6. The device according to claim 1, wherein the metal foam body is arranged spaced apart from the at least one purification module.

7. The device according to claim 1, wherein the at least one purification module comprises a plurality of purification modules detachably held in a holder connected to the housing.

8. The device according to claim 1, wherein the housing is essentially cylindrical with the intakes are arranged laterally and the at least one outlet arranged longitudinally.

9. The device according to claim 1, wherein the metal foam body comprises a plate.

10. The device according to claim 9, wherein the plate extends essentially over at least one of an entire width and length of the housing.

11. The device according to claim 9, wherein the plate is detachably connected to the housing.

12. The device according to claim 1, wherein the introduced exhaust gas flows flow through the at least one purification module to the at least one outlet.

13. The device according to claim 1, further comprising a flow path extending from the intakes, through the metal foam body, through the at least one purification module, to the at least one outlet.

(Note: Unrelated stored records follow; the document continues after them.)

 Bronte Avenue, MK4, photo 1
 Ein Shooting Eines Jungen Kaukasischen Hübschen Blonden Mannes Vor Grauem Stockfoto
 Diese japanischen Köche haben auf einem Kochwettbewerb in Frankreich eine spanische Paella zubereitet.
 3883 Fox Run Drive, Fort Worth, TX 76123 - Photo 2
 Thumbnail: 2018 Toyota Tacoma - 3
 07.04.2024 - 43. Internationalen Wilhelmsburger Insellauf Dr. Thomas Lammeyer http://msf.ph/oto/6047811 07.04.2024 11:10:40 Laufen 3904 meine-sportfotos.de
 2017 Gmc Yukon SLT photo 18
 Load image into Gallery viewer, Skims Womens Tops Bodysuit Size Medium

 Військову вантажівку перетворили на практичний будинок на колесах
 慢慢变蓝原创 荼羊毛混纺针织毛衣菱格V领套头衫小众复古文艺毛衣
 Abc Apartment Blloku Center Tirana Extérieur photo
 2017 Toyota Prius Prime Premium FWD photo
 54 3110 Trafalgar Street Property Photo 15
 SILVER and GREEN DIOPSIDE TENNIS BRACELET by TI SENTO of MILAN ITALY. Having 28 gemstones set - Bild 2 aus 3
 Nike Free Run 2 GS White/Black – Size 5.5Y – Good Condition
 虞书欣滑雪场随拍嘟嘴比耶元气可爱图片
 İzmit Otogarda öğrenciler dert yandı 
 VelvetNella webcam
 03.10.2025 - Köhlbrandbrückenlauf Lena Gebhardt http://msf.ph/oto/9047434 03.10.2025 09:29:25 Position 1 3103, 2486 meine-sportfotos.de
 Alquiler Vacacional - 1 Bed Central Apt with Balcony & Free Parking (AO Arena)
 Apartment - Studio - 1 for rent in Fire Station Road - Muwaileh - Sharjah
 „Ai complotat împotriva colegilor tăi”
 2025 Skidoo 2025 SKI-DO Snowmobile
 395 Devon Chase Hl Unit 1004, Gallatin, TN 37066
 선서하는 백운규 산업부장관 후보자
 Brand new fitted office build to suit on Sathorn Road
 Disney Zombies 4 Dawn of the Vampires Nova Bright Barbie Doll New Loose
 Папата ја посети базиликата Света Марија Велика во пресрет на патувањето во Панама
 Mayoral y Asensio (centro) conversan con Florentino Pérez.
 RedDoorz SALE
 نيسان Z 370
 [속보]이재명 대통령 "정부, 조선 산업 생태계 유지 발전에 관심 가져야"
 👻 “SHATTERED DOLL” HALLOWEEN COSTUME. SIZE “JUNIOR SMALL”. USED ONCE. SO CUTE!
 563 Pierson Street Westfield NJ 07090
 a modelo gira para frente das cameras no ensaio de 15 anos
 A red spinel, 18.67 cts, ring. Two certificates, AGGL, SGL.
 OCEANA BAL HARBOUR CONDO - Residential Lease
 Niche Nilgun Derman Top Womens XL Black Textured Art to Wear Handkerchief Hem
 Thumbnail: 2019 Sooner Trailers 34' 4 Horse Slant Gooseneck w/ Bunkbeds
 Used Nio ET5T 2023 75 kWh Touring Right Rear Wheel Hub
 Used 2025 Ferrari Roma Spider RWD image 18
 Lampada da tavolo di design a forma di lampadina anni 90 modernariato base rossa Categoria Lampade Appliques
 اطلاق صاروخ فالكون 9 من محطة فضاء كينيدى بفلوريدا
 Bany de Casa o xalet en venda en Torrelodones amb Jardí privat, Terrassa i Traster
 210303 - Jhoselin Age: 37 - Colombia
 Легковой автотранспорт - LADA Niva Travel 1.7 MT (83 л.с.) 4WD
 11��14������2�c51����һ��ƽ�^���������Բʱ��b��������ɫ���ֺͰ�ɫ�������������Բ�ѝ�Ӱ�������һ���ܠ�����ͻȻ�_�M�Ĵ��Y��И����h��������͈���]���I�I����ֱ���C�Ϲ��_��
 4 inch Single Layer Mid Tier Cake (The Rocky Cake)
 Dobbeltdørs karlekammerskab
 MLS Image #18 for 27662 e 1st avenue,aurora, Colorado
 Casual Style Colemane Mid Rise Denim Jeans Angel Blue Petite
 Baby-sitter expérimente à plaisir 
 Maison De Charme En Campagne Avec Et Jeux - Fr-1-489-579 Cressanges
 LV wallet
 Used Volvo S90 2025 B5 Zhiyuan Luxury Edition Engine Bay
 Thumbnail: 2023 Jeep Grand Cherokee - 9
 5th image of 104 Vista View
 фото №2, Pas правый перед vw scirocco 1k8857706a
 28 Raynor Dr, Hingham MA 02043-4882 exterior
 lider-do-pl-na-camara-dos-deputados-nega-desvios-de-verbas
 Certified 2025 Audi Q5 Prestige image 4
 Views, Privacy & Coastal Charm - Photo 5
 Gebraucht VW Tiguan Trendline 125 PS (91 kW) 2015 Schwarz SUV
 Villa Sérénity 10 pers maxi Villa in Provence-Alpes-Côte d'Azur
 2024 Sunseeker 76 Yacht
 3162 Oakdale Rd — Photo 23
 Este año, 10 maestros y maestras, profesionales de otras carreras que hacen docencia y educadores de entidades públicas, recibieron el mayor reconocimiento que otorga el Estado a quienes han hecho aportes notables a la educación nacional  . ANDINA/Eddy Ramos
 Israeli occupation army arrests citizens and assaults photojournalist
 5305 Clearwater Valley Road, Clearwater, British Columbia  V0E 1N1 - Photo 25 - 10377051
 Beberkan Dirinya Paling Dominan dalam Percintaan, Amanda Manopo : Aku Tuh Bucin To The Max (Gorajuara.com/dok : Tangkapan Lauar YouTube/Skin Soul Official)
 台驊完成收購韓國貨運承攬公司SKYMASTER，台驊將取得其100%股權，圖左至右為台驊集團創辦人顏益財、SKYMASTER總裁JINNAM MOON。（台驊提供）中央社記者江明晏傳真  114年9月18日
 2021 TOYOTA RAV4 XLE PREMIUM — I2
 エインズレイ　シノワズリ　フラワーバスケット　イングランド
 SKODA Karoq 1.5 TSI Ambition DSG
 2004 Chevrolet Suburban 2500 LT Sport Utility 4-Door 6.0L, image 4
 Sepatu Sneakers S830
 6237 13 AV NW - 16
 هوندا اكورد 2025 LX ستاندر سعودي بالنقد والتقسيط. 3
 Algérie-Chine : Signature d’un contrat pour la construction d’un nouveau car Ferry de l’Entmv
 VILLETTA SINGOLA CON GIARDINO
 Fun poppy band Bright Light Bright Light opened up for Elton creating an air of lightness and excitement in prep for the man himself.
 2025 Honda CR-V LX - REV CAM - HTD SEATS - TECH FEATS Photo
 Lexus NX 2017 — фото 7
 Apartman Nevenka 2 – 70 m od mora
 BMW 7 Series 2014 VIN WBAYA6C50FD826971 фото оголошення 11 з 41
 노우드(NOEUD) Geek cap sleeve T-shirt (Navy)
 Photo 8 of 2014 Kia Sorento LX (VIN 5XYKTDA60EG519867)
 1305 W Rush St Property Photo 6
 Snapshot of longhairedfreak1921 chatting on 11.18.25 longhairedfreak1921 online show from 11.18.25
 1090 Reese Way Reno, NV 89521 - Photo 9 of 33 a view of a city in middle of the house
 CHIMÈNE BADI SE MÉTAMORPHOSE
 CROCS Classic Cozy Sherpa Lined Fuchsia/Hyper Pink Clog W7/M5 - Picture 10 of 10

14. A method of purifying motor vehicle exhaust gases, comprising: introducing exhaust gas into a housing through plural intakes; directing the exhaust gas through a metal foam body; directing the exhaust gas through at least one purification module; and directing the exhaust gas through an outlet.

15. The method of claim 14, wherein the housing is essentially cylindrical with the intakes arranged laterally and the outlet arranged longitudinally.

16. The method of claim 14, wherein the metal foam body comprises an iron-based alloy that contains (in % by weight): 15 to 30% chromium, 5 to 10% vanadium, up to 2% aluminum, up to 2% yttrium, up to 2% cerium, and up to 2% silicon, wherein the balance is iron and contaminants due to production.

17. The method of claim 14, wherein the at least one purification module comprises a plurality of purification modules detachably held in a holder connected to the housing.

18. The method of claim 14, further comprising: metallically connecting the metal foam body to the housing; and dissipating heat from the exhaust gas through the metal foam body and the housing.

19. The method of claim 14, further comprising splitting an individual targeted and intensive exhaust gas flow into a plurality of diffuse partial flows of lower intensity.